All lines from the one holding "Image 37 of" to the end of the listing are to be output exactly, both ends included, with any pictures left out.
- - -
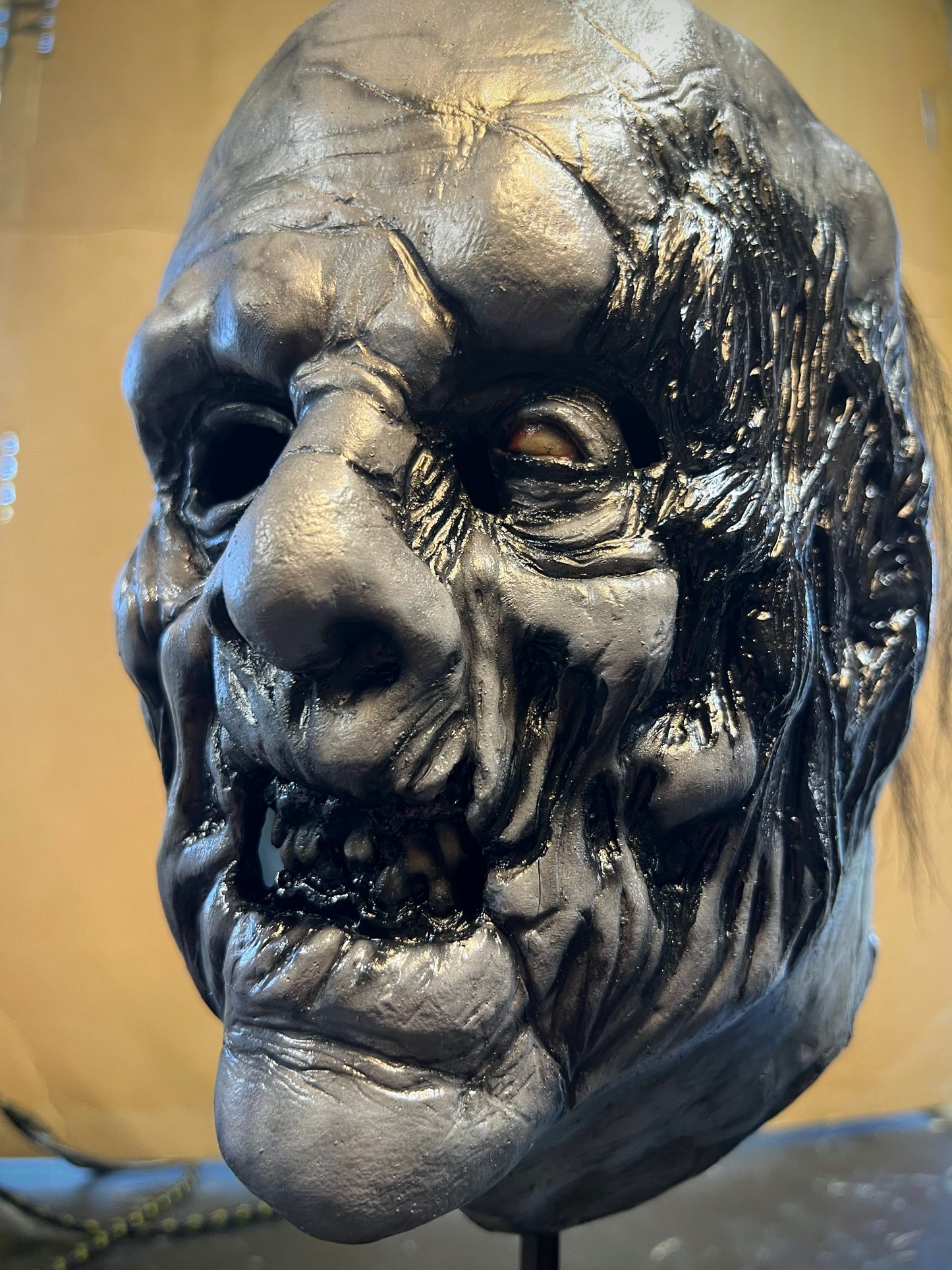 Cousin Mask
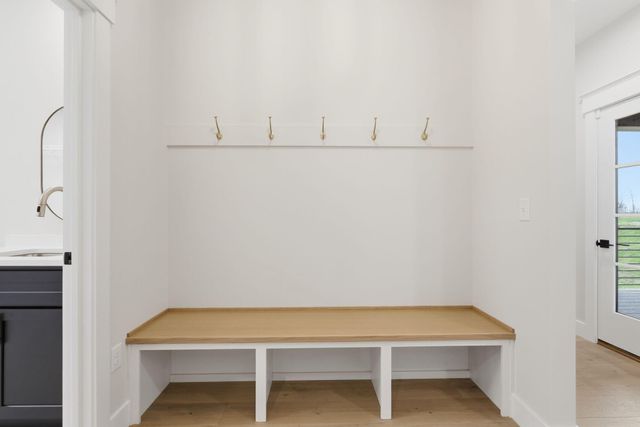 40 Waterfall Way, Somerset, KY 42503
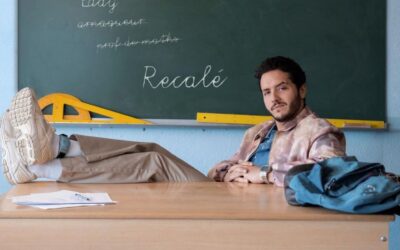 ”Recalé” : l’humoriste Alexandre Kominek s’infiltre comme prof au lycée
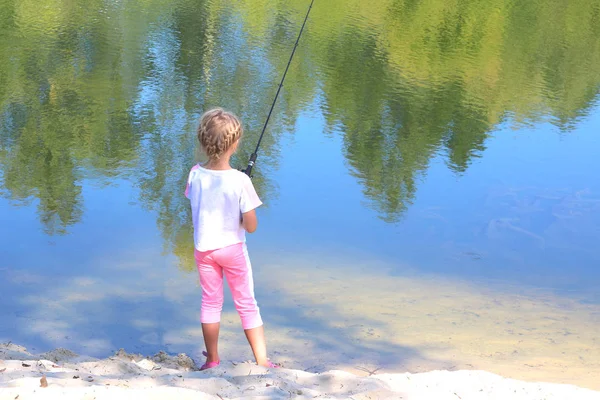 Kisgyermek Halászat Nyáron Folyón Homokos Parton Háttér Kék Víz Megjelenítő — Stock Fotó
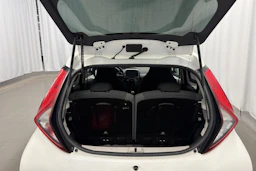 valkoinen Toyota AYGO 2018 kuva 17.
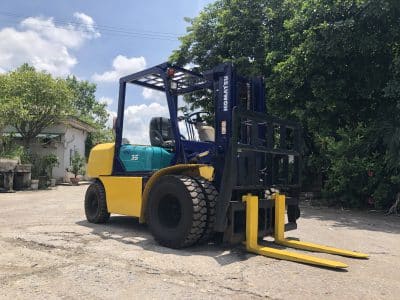 xe nầng 3.5 tấn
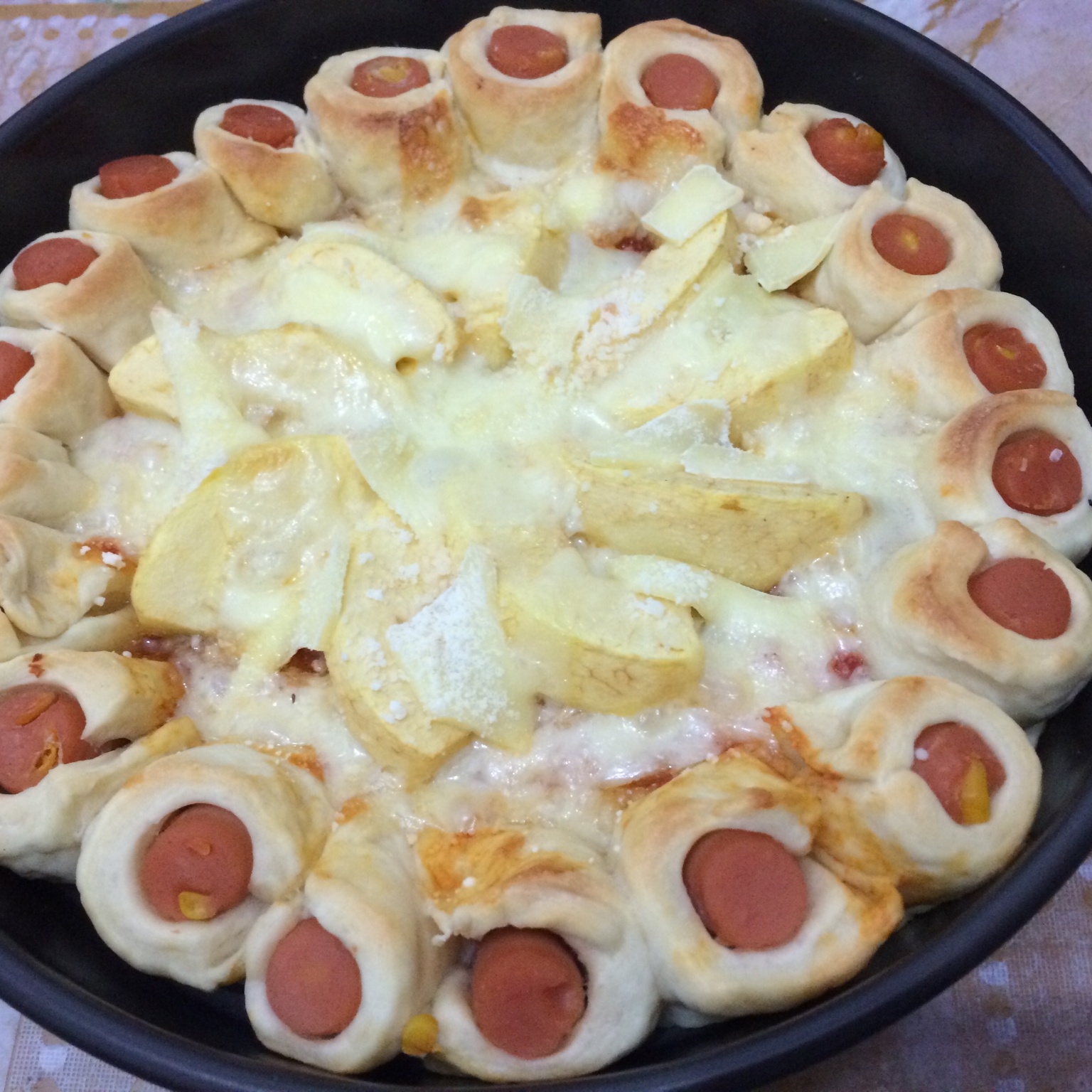 美味水果花边披萨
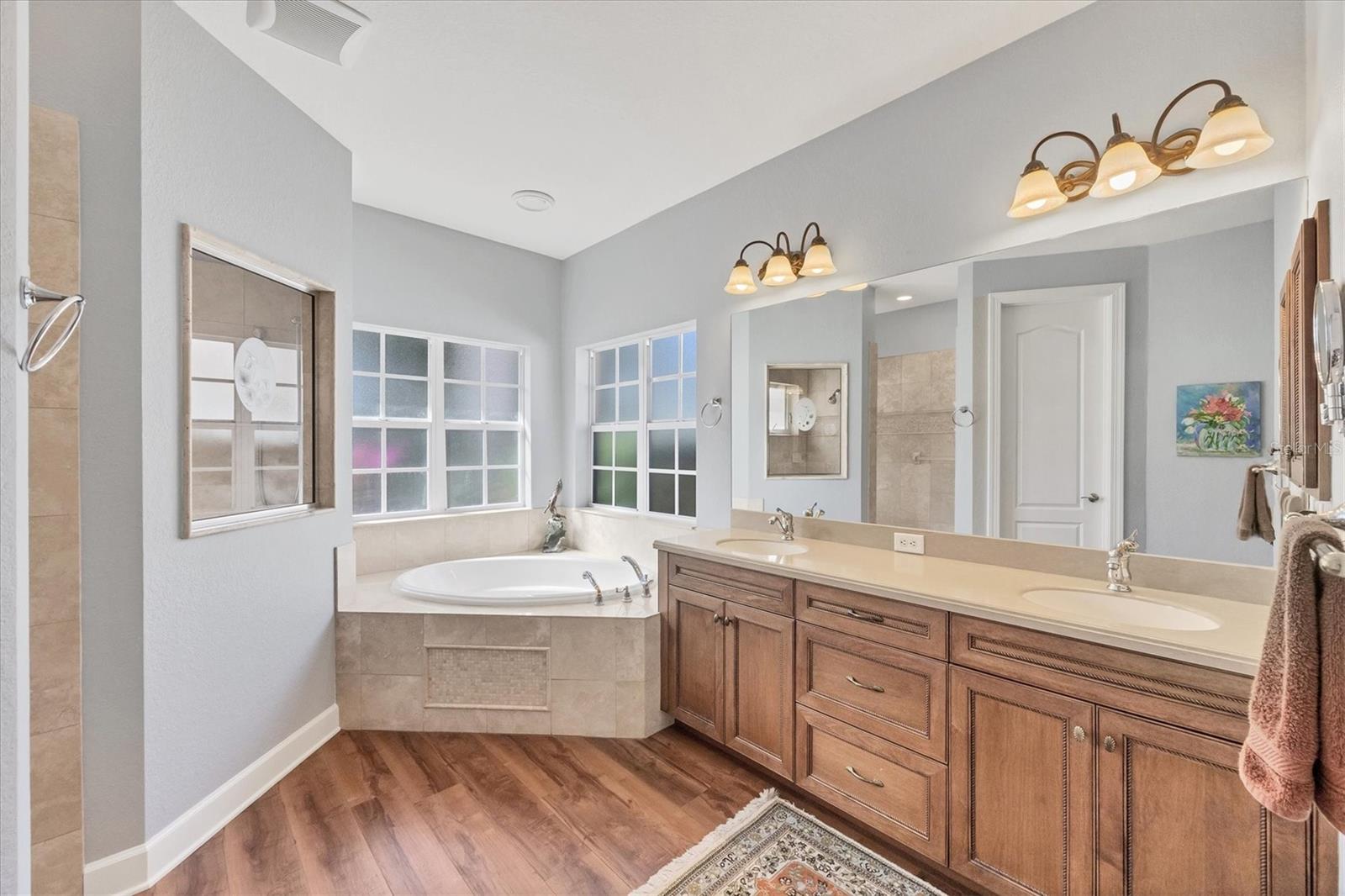 Image 37 of 74 For 4360 Corso Venetia Boulevard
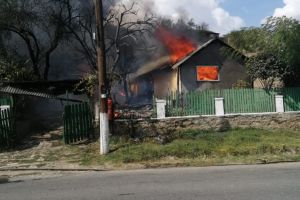 Alerta la pompieri: Arde o casa in satul Negureni, judetul Constanta. O femeie a facut atac de panica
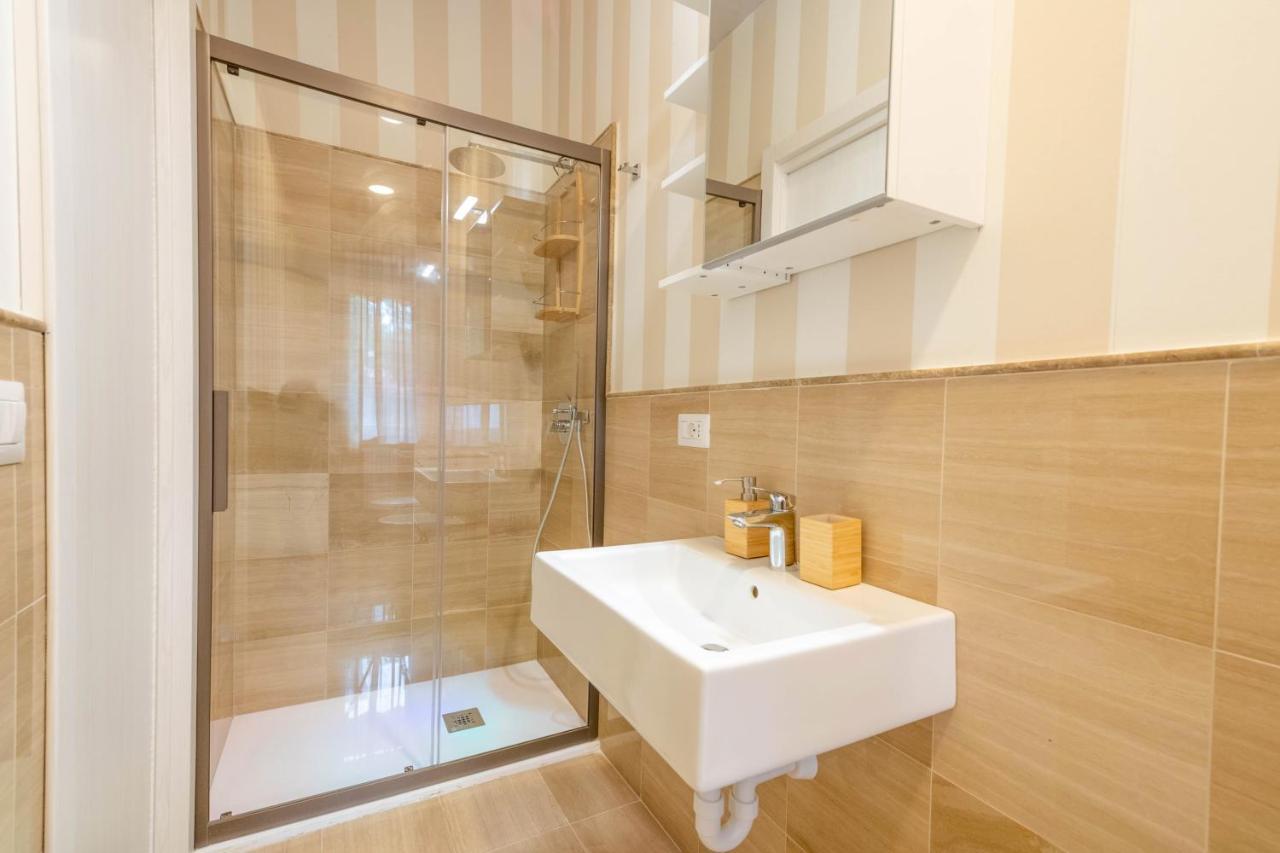 City Gate - Luxury Suites Барі Екстер'єр фото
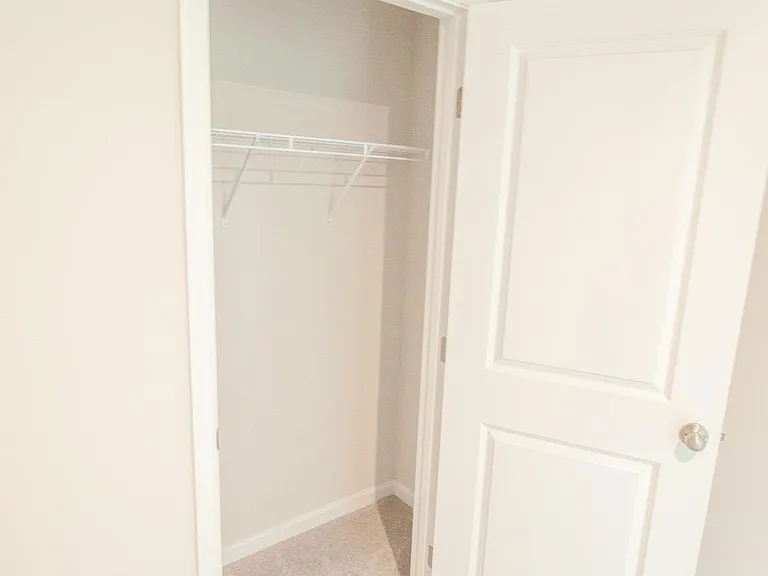 261 Christiana Ln #F — Photo 12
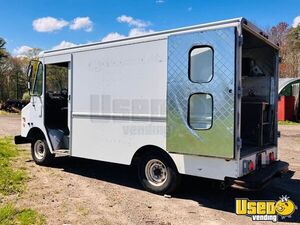 1999 P30 Step Van All-purpose Food Truck All-purpose Food Truck Refrigerator Rhode Island Gas Engine for Sale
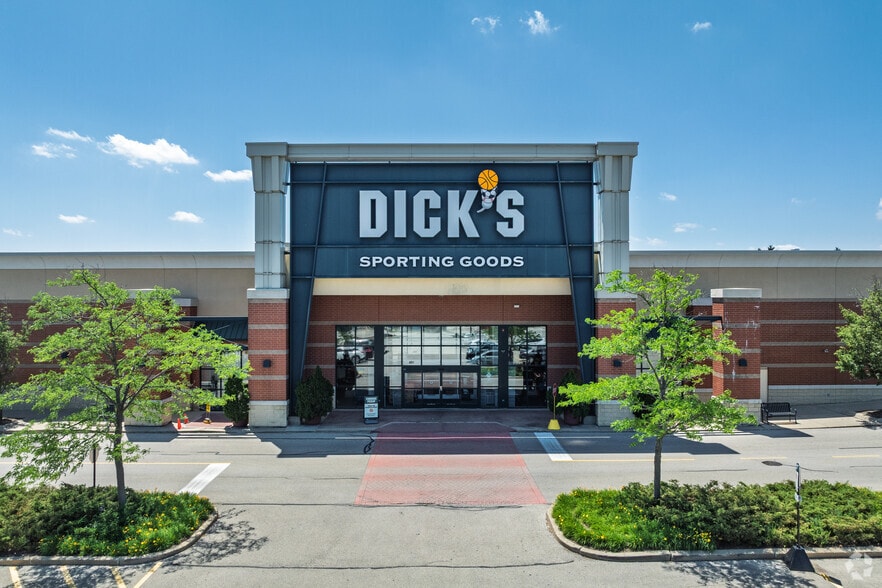 More Photos Of 325-615 E Palatine Rd, Arlington Heights Storefront For Lease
- - -
-- Output --
 Image 37 of 74 For 4360 Corso Venetia Boulevard
 Alerta la pompieri: Arde o casa in satul Negureni, judetul Constanta. O femeie a facut atac de panica
 City Gate - Luxury Suites Барі Екстер'єр фото
 261 Christiana Ln #F — Photo 12
 1999 P30 Step Van All-purpose Food Truck All-purpose Food Truck Refrigerator Rhode Island Gas Engine for Sale
 More Photos Of 325-615 E Palatine Rd, Arlington Heights Storefront For Lease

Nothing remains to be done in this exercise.